Common code in dput() and prune_one_dentry() is extracted into a new
helper function d_kill().
shrink_dcache_parent() as well as shrink_dcache_sb() are converted to
use the ancestry-pruner option. Only for shrink_dcache_memory() is
this behavior not desirable, so it keeps using the old algorithm.
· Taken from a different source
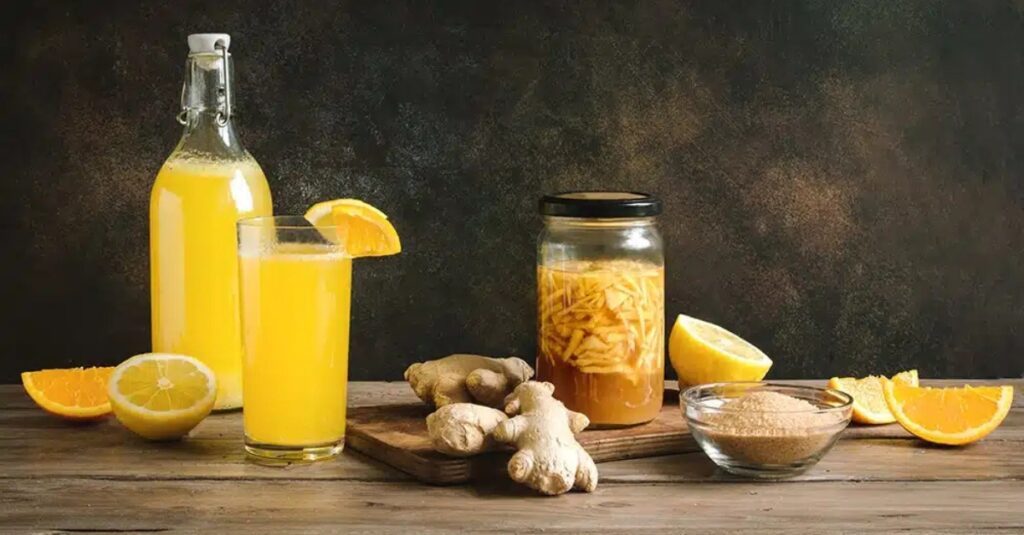 Homemade ginger bug in a glass jar with fresh ginger pieces and natural bubbles forming on top.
Signed-off-by: Miklos Szeredi <[email protected]>
---
Index: linux/fs/dcache.c
===================================================================
--- linux.orig/fs/dcache.c 2007-02-09 22:11:02.000000000 +0100
+++ linux/fs/dcache.c 2007-02-09 22:51:02.000000000 +0100
@@ -121,6 +121,28 @@ static void dentry_iput(struct dentry *
}
}
+/**
+ * d_kill - kill dentry and return parent
+ * @dentry: dentry to kill
+ *
+ * Called with dcache_lock and d_lock, releases both. The dentry must
+ * already be unhashed and removed from the LRU.
+ *
+ * If this is the root of the dentry tree, return NULL.
+ */
+static struct dentry *d_kill(struct dentry *dentry)
+{
+ struct dentry *parent;
+
+ list_del(&dentry->d_u.d_child);
+ dentry_stat.nr_dentry--; /* For d_free, below */
+ /*drops the locks, at that point nobody can reach this dentry */
+ dentry_iput(dentry);
+ parent = dentry->d_parent;
+ d_free(dentry);
+ return dentry == parent ? NULL : parent;
+}
+
/*
* This is dput
*
@@ -189,28 +211,17 @@ repeat:
unhash_it:
__d_drop(dentry);
-
-kill_it: {
- struct dentry *parent;
-
- /* If dentry was on d_lru list
- * delete it from there
- */
- if (!list_empty(&dentry->d_lru)) {
- list_del(&dentry->d_lru);
- dentry_stat.nr_unused--;
- }
- list_del(&dentry->d_u.d_child);
- dentry_stat.nr_dentry--; /* For d_free, below */
- /*drops the locks, at that point nobody can reach this dentry */
- dentry_iput(dentry);
- parent = dentry->d_parent;
- d_free(dentry);
- if (dentry == parent)
- return;
- dentry = parent;
- goto repeat;
+kill_it:
+ /* If dentry was on d_lru list
+ * delete it from there
+ */
+ if (!list_empty(&dentry->d_lru)) {
+ list_del(&dentry->d_lru);
+ dentry_stat.nr_unused--;
}
+ dentry = d_kill(dentry);
+ if (dentry)
+ goto repeat;
}
/**
@@ -371,22 +382,41 @@ restart:
* Throw away a dentry - free the inode, dput the parent. This requires that
* the LRU list has already been removed.
*
+ * If prune_parents is true, try to prune ancestors as well.
+ *
* Called with dcache_lock, drops it and then regains.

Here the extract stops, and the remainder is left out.